## Work request
Only one stretch of lines is wanted: the line with "Moncler - Мужская футболка майка DZ_2102MO4" through the final line of the material. Restate it word for word, minus pictures.

## Material provided
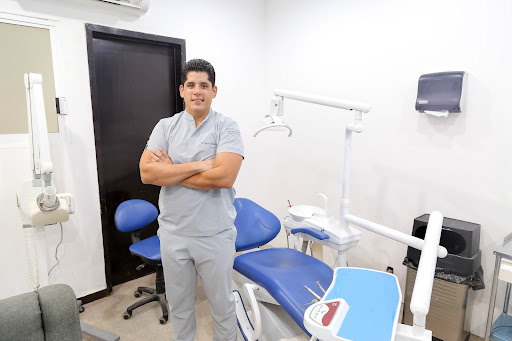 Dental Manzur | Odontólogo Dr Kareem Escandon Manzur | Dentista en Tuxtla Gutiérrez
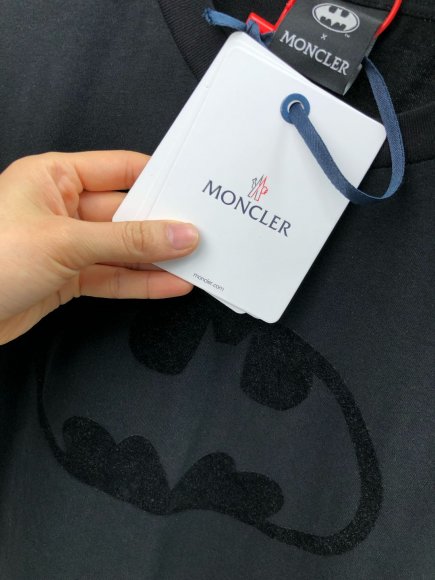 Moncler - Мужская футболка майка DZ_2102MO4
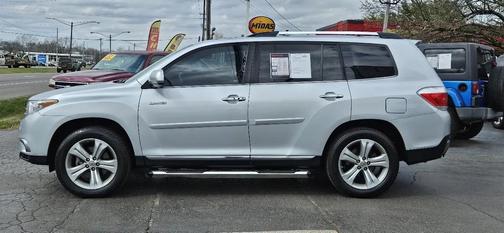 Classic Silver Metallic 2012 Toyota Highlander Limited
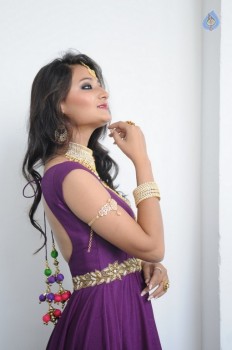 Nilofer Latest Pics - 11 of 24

## Finished task
 Moncler - Мужская футболка майка DZ_2102MO4
 Classic Silver Metallic 2012 Toyota Highlander Limited
 Nilofer Latest Pics - 11 of 24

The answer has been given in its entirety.